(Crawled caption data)
================================
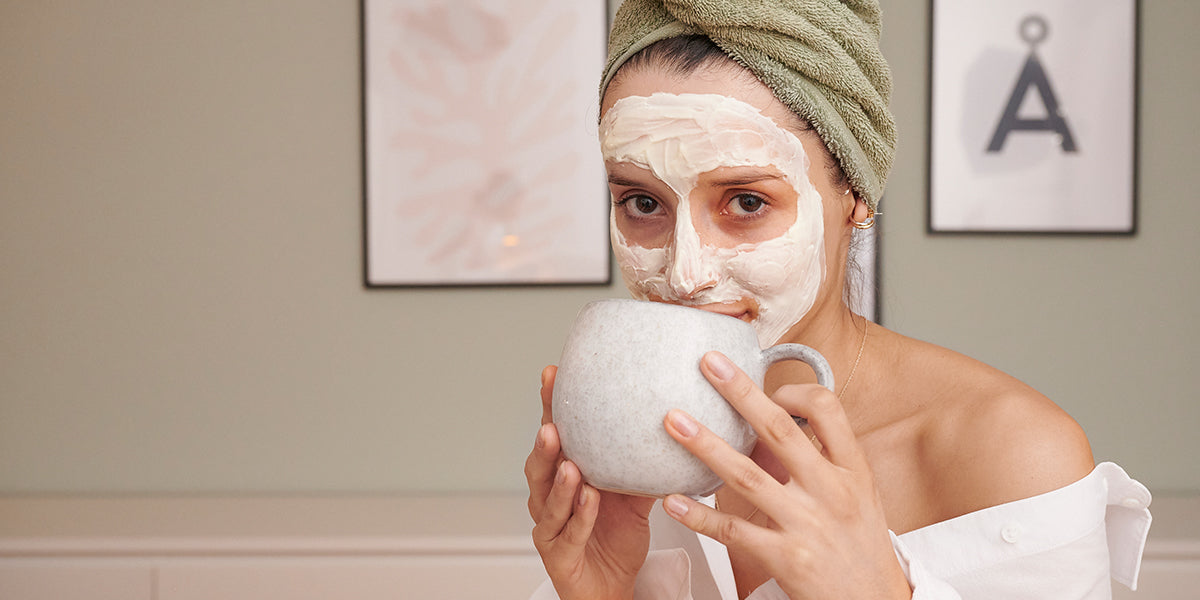 A woman drinking from a teacup with a face mask to face and Towel wrapped around her head.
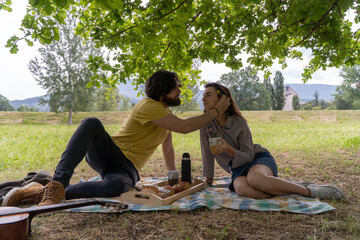 A couple having a picnic in the middle of nature. Having breakfast and enjoying the day.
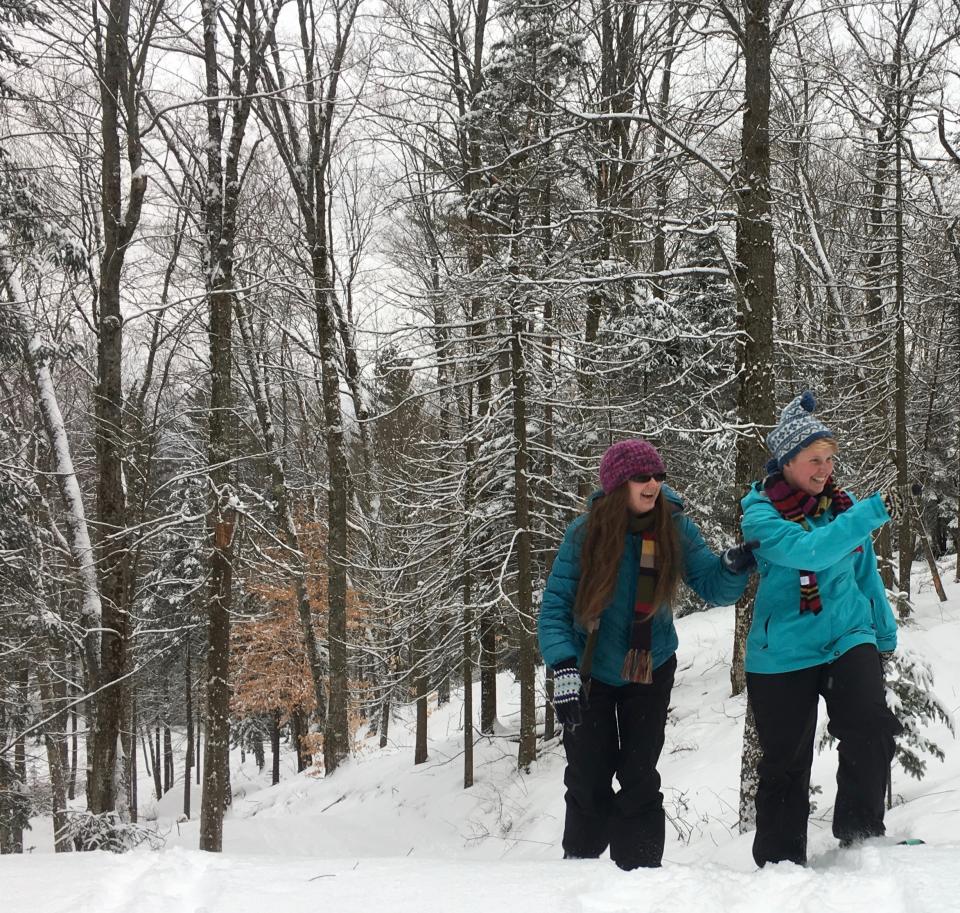 Two women snowshoeing on a trail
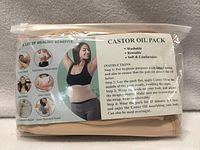 Front of packaged castor oil waist wrap showing product label and images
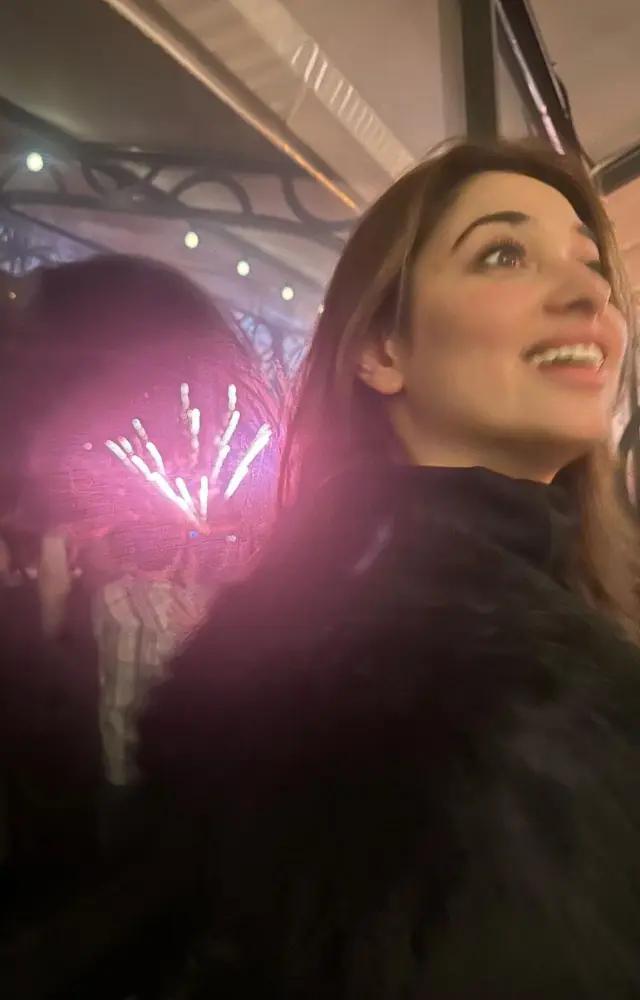 Fireworks can be seen in the background of this picture as Tamannaah relishes the moment
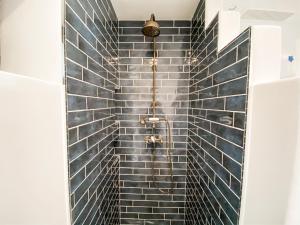 a bathroom with a shower with blue tiles at Vineyard and Views Exquisite Luxury Douro Villa with Sun-Drenched Infinity Pool in Folgosa +27 photos
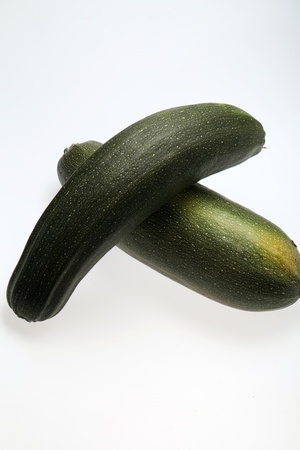 Fresh vegetable courgette. Isolated on white の写真素材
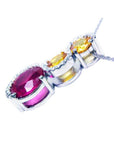 14K white gold ruby journey pendant with oval ruby, two yellow sapphires, and diamond accents.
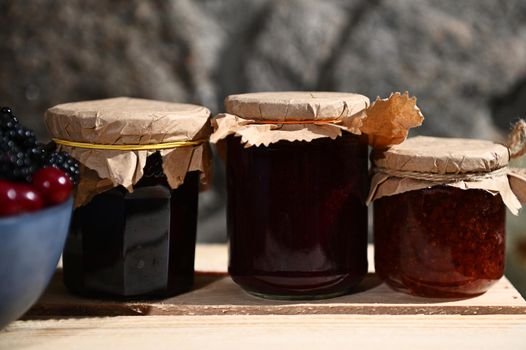 Collection of homemade berry jam from red currant, cherries and blackcurrant on a wooden surface, with a blurred blue bowl with fresh ripe berries in the foreground. Canned food, canning for winter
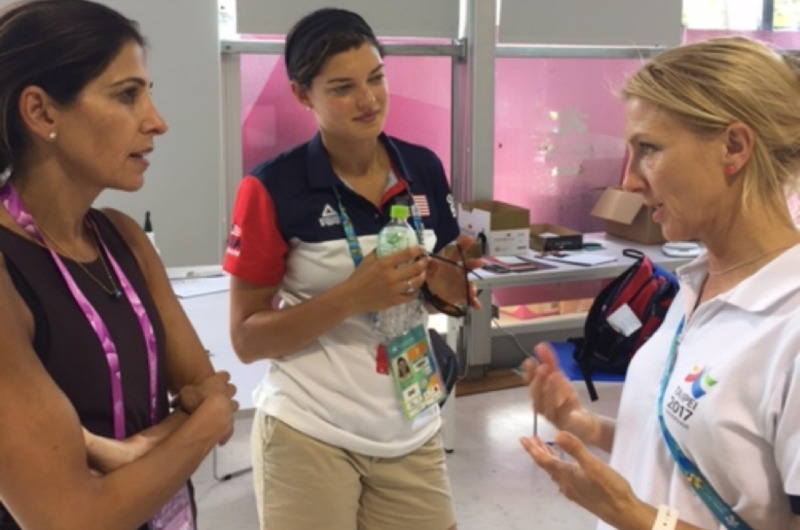 Fiona Pelly, PhD, director of nutrition of the World University Games is discussing food quality with Drexel's Nyree Dardarian and Coco Ellis.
================================
=== Instructions to follow ===
All lines between the one that contains "Fireworks can be" and the end of the records above, both included, are to be returned exactly as they stand, except for pictures, which are omitted.

=== Task answer ===
 Fireworks can be seen in the background of this picture as Tamannaah relishes the moment
 a bathroom with a shower with blue tiles at Vineyard and Views Exquisite Luxury Douro Villa with Sun-Drenched Infinity Pool in Folgosa +27 photos
 Fresh vegetable courgette. Isolated on white の写真素材
 14K white gold ruby journey pendant with oval ruby, two yellow sapphires, and diamond accents.
 Collection of homemade berry jam from red currant, cherries and blackcurrant on a wooden surface, with a blurred blue bowl with fresh ripe berries in the foreground. Canned food, canning for winter
 Fiona Pelly, PhD, director of nutrition of the World University Games is discussing food quality with Drexel's Nyree Dardarian and Coco Ellis.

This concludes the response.